September 07, 1986|KATHLEEN BROWN

One weekend at an art show set up on the grassy banks of a shady park, a group of people were clustered. The murmurs of appreciation led one to expect an up-and-coming Rembrandt, or Picasso. But upon inspection, the scene revealed a fluffy red Persian cat holding court, preening and posturing. Undeniably a work of art in himself, he was upstaging the show.

It turns out that the cat, Cinnamon--named for his particular shade of pumpkin-pie-colored fur and eyes to match--has become a celebrity of sorts.

Actually, to say it all happened recently is not entirely accurate. According to his owners, Carol and Rick Gandolfo of Redondo Beach, Cinnamon has always put on a show. Soon after getting the stray 2-year-old cat four years ago, the Gandolfos started taking him for walks on a leash around the neighborhood. People would stop them and marvel and exclaim at Cinnamon, particularly at those disdainful almond-shaped eyes that flash high voltage, and at his face, which Carol describes as "flat but not pug." Although "Cinnamon has always loved attention," says Carol, she admits his personality blossomed as his fans multiplied.

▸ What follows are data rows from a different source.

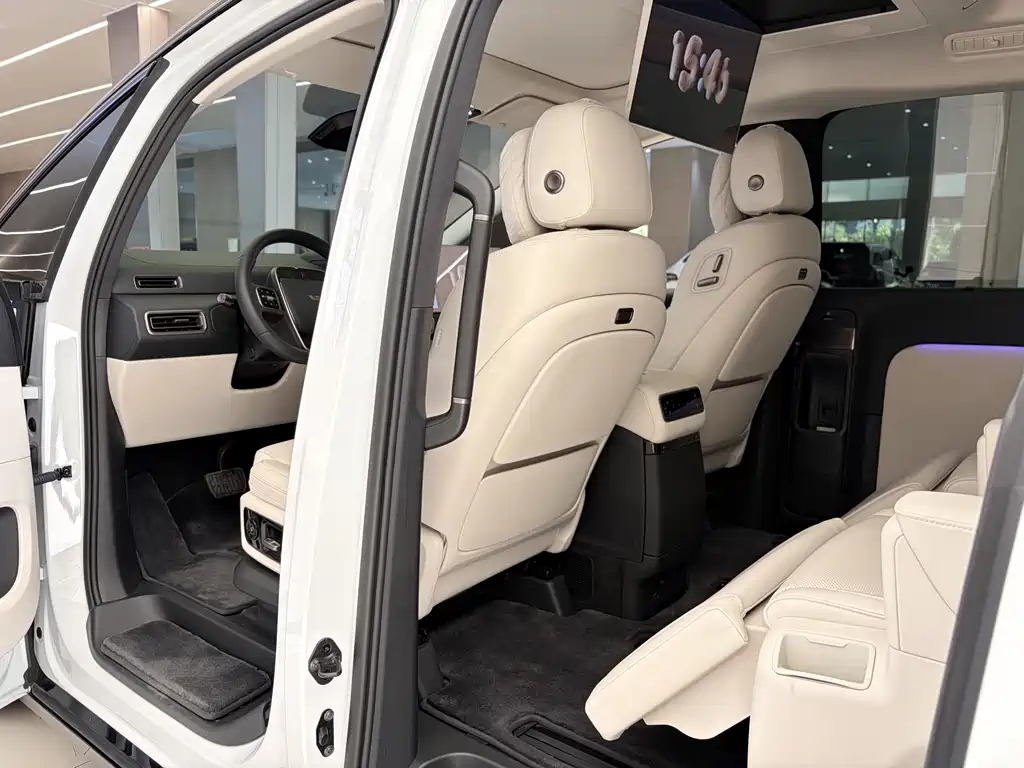 Li Auto Li MEGA — миниатюра 13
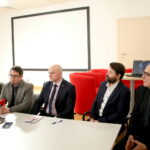 Konferencja prasowa przed premierą filmu o biskupie Czesławie Kaczmarku. Na zdjęciu: Zdzisław Reczyński - odtwórca roli biskupa Czesława Kaczmarka, Tomasz Domański - Delegatura IPN w Kielcach, Rafał Nowak - dyrektor Wzgórza Zamkowego w Kielcach, Sławomir Mazur - reżyser i ksiądz Mirosław Cisowski - rzecznik prasowy Diecezji Kieleckiej  / Marzena Mąkosa / Radio Kielce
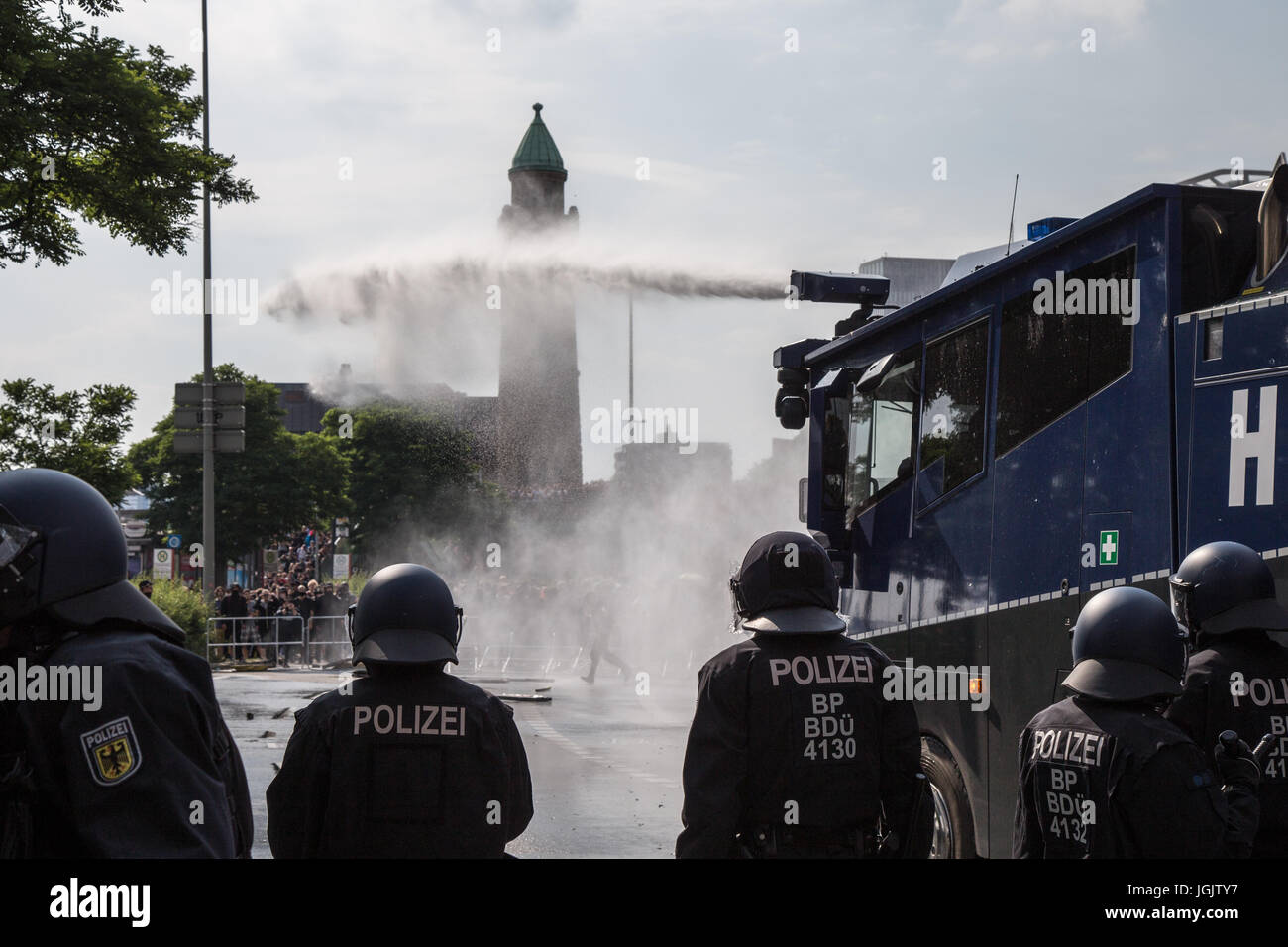 Hamburg, Deutschland. 7. Juli 2017. Demonstranten und Polizei Zusammenstoß in Hamburg, Deutschland, am ersten Tag des G20-Gipfels. Bildnachweis: Ted Hammond/Alamy Live-Nachrichten Stockfoto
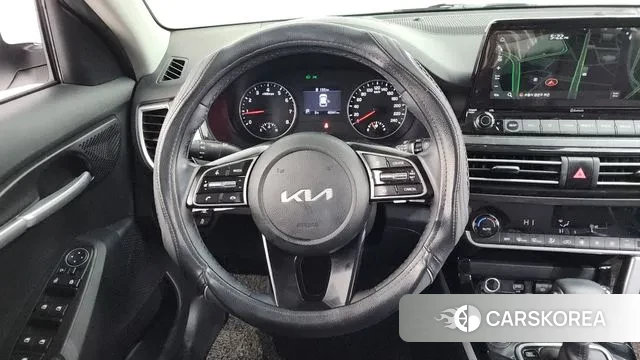 Kia Seltos 2021 Белый из Кореи, фото 4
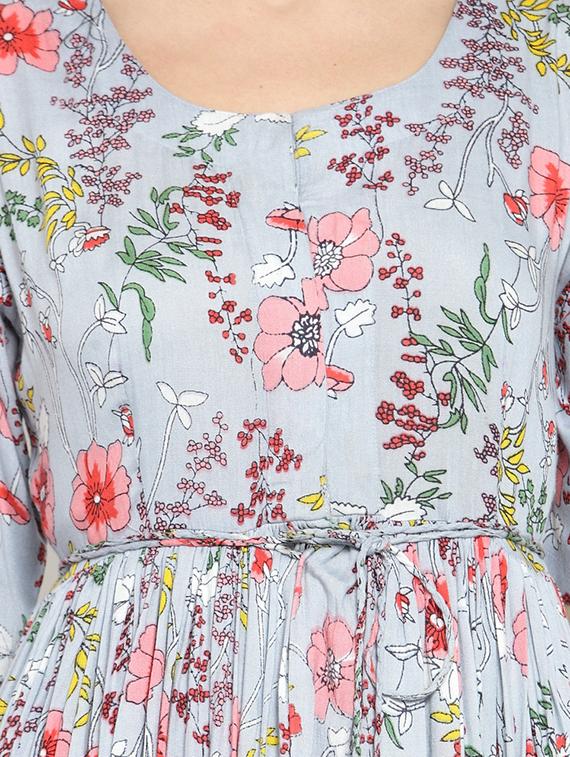 floral front drawstring flared kurta with palazzo set - 15799865 - Zoom Image - 4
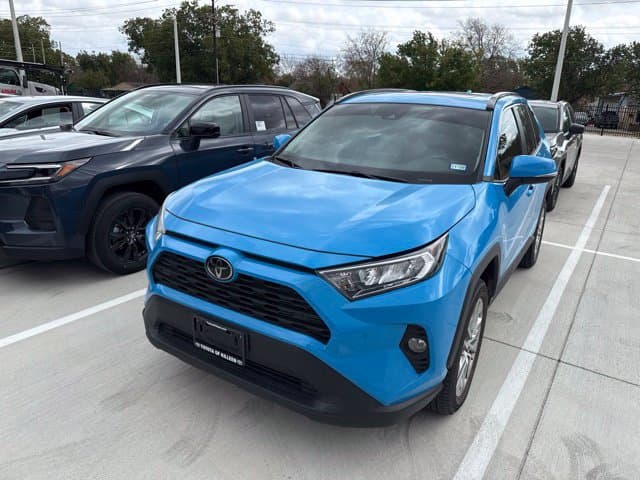 2021 Toyota RAV4 XLE Premium — photo 1 of 7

Late last year, a picture of him in a bathtub won the photo contest in the Sentinel, the employee newspaper for TRW, where Carol is a business administrator. An amateur photographer, she submitted the picture of her wet, bedraggled cat, his fiery eyes narrowed to glaring slits, his cat-brow furrowed into what could only be a frown. It may well be the all-time classic shot of a cat's distaste for water.

All the winning photos were published in a 1986 calendar that was distributed nationally just in time for Christmas. In February, Carol entered the same photo in a monthly contest sponsored by Petersen's Photographic magazine. This time, Cinnamon won the grand prize, and his picture appeared in the June issue.

Life at the Gandolfo's hasn't been the same since. People all over the country want to know more about the cat, and they want copies of the photo. There were so many requests that the Gandolfos made a poster of it, an ad for which ran in the August issue of Photographic. "Things have really been crazy," said Carol, who's fielding offers for greeting cards and photo sessions.

The Gandolfos say Cinnamon is the only one of their three cats who likes to hit the road--on foot or by car. Carol says, "He'll wait by the door each evening and let us know with loud and encouraging remarks that it's time for his walk." His outings, she says, are Cinnamon's chance "to see and be seen."

When Fame knocked at his cat basket, he was ready.